## The purpose of this notebook is to cycle through all acquired CSV files for BTS On-Time Performance Data, cast columns to appropriate data types, and remove cancelled and diverted flights (since we are only concerned with delays). It then writes the files to a sqlite database and to a parquet file.

In [1]:
# Import libraries
import pandas as pd
import sqlite3
from glob import glob
from datetime import datetime
pd.set_option('display.max_columns', None)

In [2]:
usecols = ['Year', 'Quarter', 'Month', 'DayofMonth', 'DayOfWeek', 'FlightDate', 'Reporting_Airline', 'Tail_Number',
'Flight_Number_Reporting_Airline', 'OriginCityMarketID', 'Origin', 'DestCityMarketID', 'Dest', 'CRSDepTime',
'DepTime', 'DepDelay', 'DepDelayMinutes', 'DepDel15', 'DepartureDelayGroups', 'DepTimeBlk', 'TaxiOut', 'WheelsOff', 
'WheelsOn', 'TaxiIn', 'CRSArrTime', 'ArrTime', 'ArrDelay', 'ArrDelayMinutes', 'ArrDel15', 'ArrivalDelayGroups', 'ArrTimeBlk',
'Cancelled', 'CancellationCode', 'Diverted', 'CRSElapsedTime', 'ActualElapsedTime', 'AirTime', 'Flights', 'Distance',
'DistanceGroup', 'CarrierDelay', 'WeatherDelay', 'NASDelay', 'SecurityDelay', 'LateAircraftDelay', 'DivAirportLandings']

# File name for testing
# fname = 'On_Time_Reporting_Carrier_On_Time_Performance_(1987_present)_2015_1.csv'

# Function to read individual CSV into dataframe and clean for further use
def getCleanDF(fname, usecols=usecols, removeCanDiv=False):
    # Read CSV into PDF
    df = pd.read_csv(fname, usecols=usecols, keep_default_na=False, 
                     parse_dates = ['FlightDate'], low_memory=False, dtype=str)

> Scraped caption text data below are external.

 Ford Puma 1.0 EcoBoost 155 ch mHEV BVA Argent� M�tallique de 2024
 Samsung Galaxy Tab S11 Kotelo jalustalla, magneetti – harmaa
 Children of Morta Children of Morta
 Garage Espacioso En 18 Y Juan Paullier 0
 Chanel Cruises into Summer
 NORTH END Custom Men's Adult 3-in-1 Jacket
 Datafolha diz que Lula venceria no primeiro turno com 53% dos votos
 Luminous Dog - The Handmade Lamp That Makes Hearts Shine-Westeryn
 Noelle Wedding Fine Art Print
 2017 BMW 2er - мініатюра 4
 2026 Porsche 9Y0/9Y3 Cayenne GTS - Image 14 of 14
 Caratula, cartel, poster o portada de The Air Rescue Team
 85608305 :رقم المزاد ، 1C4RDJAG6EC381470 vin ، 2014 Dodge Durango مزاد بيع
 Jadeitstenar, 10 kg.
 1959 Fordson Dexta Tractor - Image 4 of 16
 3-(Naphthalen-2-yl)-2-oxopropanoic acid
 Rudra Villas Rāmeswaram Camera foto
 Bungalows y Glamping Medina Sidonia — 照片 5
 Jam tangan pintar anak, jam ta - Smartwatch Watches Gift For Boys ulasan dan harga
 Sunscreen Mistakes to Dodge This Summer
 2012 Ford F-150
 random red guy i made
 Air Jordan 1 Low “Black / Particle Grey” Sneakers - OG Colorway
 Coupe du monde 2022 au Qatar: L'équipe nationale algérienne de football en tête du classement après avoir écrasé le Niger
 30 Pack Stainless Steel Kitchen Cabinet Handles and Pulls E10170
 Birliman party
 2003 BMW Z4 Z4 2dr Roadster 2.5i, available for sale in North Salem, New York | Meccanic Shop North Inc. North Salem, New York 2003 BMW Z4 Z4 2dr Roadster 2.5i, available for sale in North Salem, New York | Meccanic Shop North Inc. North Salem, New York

    # Coerce certain columns to integers
    for col in ['Year', 'Quarter', 'Month', 'DayofMonth', 'DayOfWeek', 
                'Flight_Number_Reporting_Airline','OriginCityMarketID']:
        df[col] = df[col].astype(int)

    # Fix null values and coerce additional columns to integers
    for col in ['DepDelay', 'DepDelayMinutes', 'DepDel15', 'TaxiOut', 'TaxiIn', 'ArrDelay', 
                    'ArrDelayMinutes','ArrDel15', 'Cancelled', 'Diverted', 'CRSElapsedTime', 
                    'ActualElapsedTime', 'AirTime', 'Flights', 'Distance', 'CarrierDelay', 
                    'WeatherDelay', 'NASDelay', 'SecurityDelay', 'LateAircraftDelay', 'DivAirportLandings']:
        df[col] = df[col].replace('',0)
        df[col] = df[col].astype(float)
        df[col] = df[col].apply(lambda x: int(x))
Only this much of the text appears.